→ **What this task involves**
The answer should consist of all the records, written out word for word.

[[ Data for this task open ]]

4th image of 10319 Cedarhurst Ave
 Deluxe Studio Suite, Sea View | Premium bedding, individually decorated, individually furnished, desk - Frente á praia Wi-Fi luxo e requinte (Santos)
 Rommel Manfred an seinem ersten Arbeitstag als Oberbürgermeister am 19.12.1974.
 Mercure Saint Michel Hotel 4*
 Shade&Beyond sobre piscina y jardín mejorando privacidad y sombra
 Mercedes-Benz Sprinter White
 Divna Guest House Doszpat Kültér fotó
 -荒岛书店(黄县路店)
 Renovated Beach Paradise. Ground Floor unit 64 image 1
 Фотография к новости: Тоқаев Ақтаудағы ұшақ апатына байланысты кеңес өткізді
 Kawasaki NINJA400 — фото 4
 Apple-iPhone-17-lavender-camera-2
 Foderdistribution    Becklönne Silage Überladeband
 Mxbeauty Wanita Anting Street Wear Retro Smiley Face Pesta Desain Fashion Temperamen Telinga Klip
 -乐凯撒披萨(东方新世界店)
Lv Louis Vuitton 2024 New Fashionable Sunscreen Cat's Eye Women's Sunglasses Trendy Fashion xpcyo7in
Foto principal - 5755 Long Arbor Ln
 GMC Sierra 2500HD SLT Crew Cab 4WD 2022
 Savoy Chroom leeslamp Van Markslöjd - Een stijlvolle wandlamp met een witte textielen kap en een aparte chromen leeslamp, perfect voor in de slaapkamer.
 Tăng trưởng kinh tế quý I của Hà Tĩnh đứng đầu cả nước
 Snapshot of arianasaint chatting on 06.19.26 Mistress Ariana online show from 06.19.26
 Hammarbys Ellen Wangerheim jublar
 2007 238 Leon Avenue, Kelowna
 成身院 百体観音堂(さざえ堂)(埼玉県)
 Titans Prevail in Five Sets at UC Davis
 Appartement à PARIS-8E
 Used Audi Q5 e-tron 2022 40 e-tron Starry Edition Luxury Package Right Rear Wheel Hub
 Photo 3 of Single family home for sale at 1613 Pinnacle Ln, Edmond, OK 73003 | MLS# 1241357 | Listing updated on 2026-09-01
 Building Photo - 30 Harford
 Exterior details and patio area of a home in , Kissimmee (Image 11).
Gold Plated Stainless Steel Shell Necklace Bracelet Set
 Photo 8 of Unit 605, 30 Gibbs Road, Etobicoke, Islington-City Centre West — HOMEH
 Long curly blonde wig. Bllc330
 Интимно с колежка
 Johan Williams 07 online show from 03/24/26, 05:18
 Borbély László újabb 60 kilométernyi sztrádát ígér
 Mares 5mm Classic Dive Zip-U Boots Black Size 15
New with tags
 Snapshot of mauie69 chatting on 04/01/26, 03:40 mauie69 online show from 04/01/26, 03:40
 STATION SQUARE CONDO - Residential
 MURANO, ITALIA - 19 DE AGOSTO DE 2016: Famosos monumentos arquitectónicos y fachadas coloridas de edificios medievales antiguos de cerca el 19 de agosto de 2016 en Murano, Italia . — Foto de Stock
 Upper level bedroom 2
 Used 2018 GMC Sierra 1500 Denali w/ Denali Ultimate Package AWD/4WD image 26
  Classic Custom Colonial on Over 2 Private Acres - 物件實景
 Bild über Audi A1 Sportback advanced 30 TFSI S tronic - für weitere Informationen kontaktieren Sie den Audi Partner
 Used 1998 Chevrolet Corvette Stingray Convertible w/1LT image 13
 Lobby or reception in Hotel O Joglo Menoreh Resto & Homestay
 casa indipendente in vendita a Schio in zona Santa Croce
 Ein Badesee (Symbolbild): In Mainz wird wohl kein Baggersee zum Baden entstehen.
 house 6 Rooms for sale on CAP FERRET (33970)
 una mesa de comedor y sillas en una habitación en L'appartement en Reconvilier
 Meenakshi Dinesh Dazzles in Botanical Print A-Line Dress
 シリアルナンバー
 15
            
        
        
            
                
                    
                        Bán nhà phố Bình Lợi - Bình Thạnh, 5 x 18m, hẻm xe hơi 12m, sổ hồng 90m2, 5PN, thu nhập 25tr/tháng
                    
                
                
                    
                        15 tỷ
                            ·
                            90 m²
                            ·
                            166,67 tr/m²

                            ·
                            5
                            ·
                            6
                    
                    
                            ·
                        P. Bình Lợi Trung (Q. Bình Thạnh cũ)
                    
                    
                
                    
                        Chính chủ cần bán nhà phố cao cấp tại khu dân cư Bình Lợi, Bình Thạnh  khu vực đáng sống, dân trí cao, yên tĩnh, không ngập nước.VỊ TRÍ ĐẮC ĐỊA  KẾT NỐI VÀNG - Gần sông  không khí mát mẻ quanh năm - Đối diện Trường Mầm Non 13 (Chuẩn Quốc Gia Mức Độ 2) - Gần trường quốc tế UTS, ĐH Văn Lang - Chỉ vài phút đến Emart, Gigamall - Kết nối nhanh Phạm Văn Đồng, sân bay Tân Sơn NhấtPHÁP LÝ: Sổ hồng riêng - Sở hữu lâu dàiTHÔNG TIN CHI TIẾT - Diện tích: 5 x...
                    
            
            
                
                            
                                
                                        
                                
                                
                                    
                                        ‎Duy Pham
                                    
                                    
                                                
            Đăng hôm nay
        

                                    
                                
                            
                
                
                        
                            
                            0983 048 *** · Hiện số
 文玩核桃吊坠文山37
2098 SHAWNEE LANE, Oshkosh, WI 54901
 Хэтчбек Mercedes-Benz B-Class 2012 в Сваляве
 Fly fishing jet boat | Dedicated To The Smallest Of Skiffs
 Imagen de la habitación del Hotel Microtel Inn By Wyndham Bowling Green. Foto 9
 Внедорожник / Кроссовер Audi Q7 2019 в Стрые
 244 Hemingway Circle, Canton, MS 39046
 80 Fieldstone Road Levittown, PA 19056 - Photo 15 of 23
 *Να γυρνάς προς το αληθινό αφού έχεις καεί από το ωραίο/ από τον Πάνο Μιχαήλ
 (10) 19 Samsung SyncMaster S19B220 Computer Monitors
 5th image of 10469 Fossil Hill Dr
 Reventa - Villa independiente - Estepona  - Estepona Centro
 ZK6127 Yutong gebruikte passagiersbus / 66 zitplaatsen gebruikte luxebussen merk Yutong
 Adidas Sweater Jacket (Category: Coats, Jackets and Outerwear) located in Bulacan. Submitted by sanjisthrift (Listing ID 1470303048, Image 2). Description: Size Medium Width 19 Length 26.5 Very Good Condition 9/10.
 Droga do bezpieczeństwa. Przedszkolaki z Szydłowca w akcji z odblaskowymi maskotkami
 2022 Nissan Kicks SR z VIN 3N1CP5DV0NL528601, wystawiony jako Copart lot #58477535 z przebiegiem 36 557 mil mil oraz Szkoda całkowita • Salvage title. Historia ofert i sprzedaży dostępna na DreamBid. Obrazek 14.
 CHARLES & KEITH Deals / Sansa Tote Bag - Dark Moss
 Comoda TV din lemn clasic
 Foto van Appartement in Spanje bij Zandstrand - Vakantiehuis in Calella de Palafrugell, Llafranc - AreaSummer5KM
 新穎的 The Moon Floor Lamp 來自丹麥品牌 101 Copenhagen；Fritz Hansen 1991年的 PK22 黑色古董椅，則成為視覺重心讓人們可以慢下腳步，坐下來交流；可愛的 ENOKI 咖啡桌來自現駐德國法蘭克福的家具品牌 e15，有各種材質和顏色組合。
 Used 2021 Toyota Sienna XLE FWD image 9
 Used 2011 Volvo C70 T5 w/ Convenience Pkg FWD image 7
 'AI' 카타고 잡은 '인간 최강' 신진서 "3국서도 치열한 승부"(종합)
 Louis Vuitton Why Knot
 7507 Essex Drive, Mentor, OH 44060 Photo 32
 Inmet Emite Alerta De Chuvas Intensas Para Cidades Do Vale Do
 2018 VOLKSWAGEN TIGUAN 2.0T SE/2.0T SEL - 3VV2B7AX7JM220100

[[ Data for this task closed ]]

→ **Answer space**
4th image of 10319 Cedarhurst Ave
 Deluxe Studio Suite, Sea View | Premium bedding, individually decorated, individually furnished, desk - Frente á praia Wi-Fi luxo e requinte (Santos)
 Rommel Manfred an seinem ersten Arbeitstag als Oberbürgermeister am 19.12.1974.
 Mercure Saint Michel Hotel 4*
 Shade&Beyond sobre piscina y jardín mejorando privacidad y sombra
 Mercedes-Benz Sprinter White
 Divna Guest House Doszpat Kültér fotó
 -荒岛书店(黄县路店)
 Renovated Beach Paradise. Ground Floor unit 64 image 1
 Фотография к новости: Тоқаев Ақтаудағы ұшақ апатына байланысты кеңес өткізді
 Kawasaki NINJA400 — фото 4
 Apple-iPhone-17-lavender-camera-2
 Foderdistribution    Becklönne Silage Überladeband
 Mxbeauty Wanita Anting Street Wear Retro Smiley Face Pesta Desain Fashion Temperamen Telinga Klip
 -乐凯撒披萨(东方新世界店)
Lv Louis Vuitton 2024 New Fashionable Sunscreen Cat's Eye Women's Sunglasses Trendy Fashion xpcyo7in
Foto principal - 5755 Long Arbor Ln
 GMC Sierra 2500HD SLT Crew Cab 4WD 2022
 Savoy Chroom leeslamp Van Markslöjd - Een stijlvolle wandlamp met een witte textielen kap en een aparte chromen leeslamp, perfect voor in de slaapkamer.
 Tăng trưởng kinh tế quý I của Hà Tĩnh đứng đầu cả nước
 Snapshot of arianasaint chatting on 06.19.26 Mistress Ariana online show from 06.19.26
 Hammarbys Ellen Wangerheim jublar
 2007 238 Leon Avenue, Kelowna
 成身院 百体観音堂(さざえ堂)(埼玉県)
 Titans Prevail in Five Sets at UC Davis
 Appartement à PARIS-8E
 Used Audi Q5 e-tron 2022 40 e-tron Starry Edition Luxury Package Right Rear Wheel Hub
 Photo 3 of Single family home for sale at 1613 Pinnacle Ln, Edmond, OK 73003 | MLS# 1241357 | Listing updated on 2026-09-01
 Building Photo - 30 Harford
 Exterior details and patio area of a home in , Kissimmee (Image 11).
Gold Plated Stainless Steel Shell Necklace Bracelet Set
 Photo 8 of Unit 605, 30 Gibbs Road, Etobicoke, Islington-City Centre West — HOMEH
 Long curly blonde wig. Bllc330
 Интимно с колежка
 Johan Williams 07 online show from 03/24/26, 05:18
 Borbély László újabb 60 kilométernyi sztrádát ígér
 Mares 5mm Classic Dive Zip-U Boots Black Size 15
New with tags
 Snapshot of mauie69 chatting on 04/01/26, 03:40 mauie69 online show from 04/01/26, 03:40
 STATION SQUARE CONDO - Residential
 MURANO, ITALIA - 19 DE AGOSTO DE 2016: Famosos monumentos arquitectónicos y fachadas coloridas de edificios medievales antiguos de cerca el 19 de agosto de 2016 en Murano, Italia . — Foto de Stock
 Upper level bedroom 2
 Used 2018 GMC Sierra 1500 Denali w/ Denali Ultimate Package AWD/4WD image 26
  Classic Custom Colonial on Over 2 Private Acres - 物件實景
 Bild über Audi A1 Sportback advanced 30 TFSI S tronic - für weitere Informationen kontaktieren Sie den Audi Partner
 Used 1998 Chevrolet Corvette Stingray Convertible w/1LT image 13
 Lobby or reception in Hotel O Joglo Menoreh Resto & Homestay
 casa indipendente in vendita a Schio in zona Santa Croce
 Ein Badesee (Symbolbild): In Mainz wird wohl kein Baggersee zum Baden entstehen.
 house 6 Rooms for sale on CAP FERRET (33970)
 una mesa de comedor y sillas en una habitación en L'appartement en Reconvilier
 Meenakshi Dinesh Dazzles in Botanical Print A-Line Dress
 シリアルナンバー
 15
            
        
        
            
                
                    
                        Bán nhà phố Bình Lợi - Bình Thạnh, 5 x 18m, hẻm xe hơi 12m, sổ hồng 90m2, 5PN, thu nhập 25tr/tháng
                    
                
                
                    
                        15 tỷ
                            ·
                            90 m²
                            ·
                            166,67 tr/m²

                            ·
                            5
                            ·
                            6
                    
                    
                            ·
                        P. Bình Lợi Trung (Q. Bình Thạnh cũ)
                    
                    
                
                    
                        Chính chủ cần bán nhà phố cao cấp tại khu dân cư Bình Lợi, Bình Thạnh  khu vực đáng sống, dân trí cao, yên tĩnh, không ngập nước.VỊ TRÍ ĐẮC ĐỊA  KẾT NỐI VÀNG - Gần sông  không khí mát mẻ quanh năm - Đối diện Trường Mầm Non 13 (Chuẩn Quốc Gia Mức Độ 2) - Gần trường quốc tế UTS, ĐH Văn Lang - Chỉ vài phút đến Emart, Gigamall - Kết nối nhanh Phạm Văn Đồng, sân bay Tân Sơn NhấtPHÁP LÝ: Sổ hồng riêng - Sở hữu lâu dàiTHÔNG TIN CHI TIẾT - Diện tích: 5 x...
                    
            
            
                
                            
                                
                                        
                                
                                
                                    
                                        ‎Duy Pham
                                    
                                    
                                                
            Đăng hôm nay
        

                                    
                                
                            
                
                
                        
                            
                            0983 048 *** · Hiện số
 文玩核桃吊坠文山37
2098 SHAWNEE LANE, Oshkosh, WI 54901
 Хэтчбек Mercedes-Benz B-Class 2012 в Сваляве
 Fly fishing jet boat | Dedicated To The Smallest Of Skiffs
 Imagen de la habitación del Hotel Microtel Inn By Wyndham Bowling Green. Foto 9
 Внедорожник / Кроссовер Audi Q7 2019 в Стрые
 244 Hemingway Circle, Canton, MS 39046
 80 Fieldstone Road Levittown, PA 19056 - Photo 15 of 23
 *Να γυρνάς προς το αληθινό αφού έχεις καεί από το ωραίο/ από τον Πάνο Μιχαήλ
 (10) 19 Samsung SyncMaster S19B220 Computer Monitors
 5th image of 10469 Fossil Hill Dr
 Reventa - Villa independiente - Estepona  - Estepona Centro
 ZK6127 Yutong gebruikte passagiersbus / 66 zitplaatsen gebruikte luxebussen merk Yutong
 Adidas Sweater Jacket (Category: Coats, Jackets and Outerwear) located in Bulacan. Submitted by sanjisthrift (Listing ID 1470303048, Image 2). Description: Size Medium Width 19 Length 26.5 Very Good Condition 9/10.
 Droga do bezpieczeństwa. Przedszkolaki z Szydłowca w akcji z odblaskowymi maskotkami
 2022 Nissan Kicks SR z VIN 3N1CP5DV0NL528601, wystawiony jako Copart lot #58477535 z przebiegiem 36 557 mil mil oraz Szkoda całkowita • Salvage title. Historia ofert i sprzedaży dostępna na DreamBid. Obrazek 14.
 CHARLES & KEITH Deals / Sansa Tote Bag - Dark Moss
 Comoda TV din lemn clasic
 Foto van Appartement in Spanje bij Zandstrand - Vakantiehuis in Calella de Palafrugell, Llafranc - AreaSummer5KM
 新穎的 The Moon Floor Lamp 來自丹麥品牌 101 Copenhagen；Fritz Hansen 1991年的 PK22 黑色古董椅，則成為視覺重心讓人們可以慢下腳步，坐下來交流；可愛的 ENOKI 咖啡桌來自現駐德國法蘭克福的家具品牌 e15，有各種材質和顏色組合。
 Used 2021 Toyota Sienna XLE FWD image 9
 Used 2011 Volvo C70 T5 w/ Convenience Pkg FWD image 7
 'AI' 카타고 잡은 '인간 최강' 신진서 "3국서도 치열한 승부"(종합)
 Louis Vuitton Why Knot
 7507 Essex Drive, Mentor, OH 44060 Photo 32
 Inmet Emite Alerta De Chuvas Intensas Para Cidades Do Vale Do
 2018 VOLKSWAGEN TIGUAN 2.0T SE/2.0T SEL - 3VV2B7AX7JM220100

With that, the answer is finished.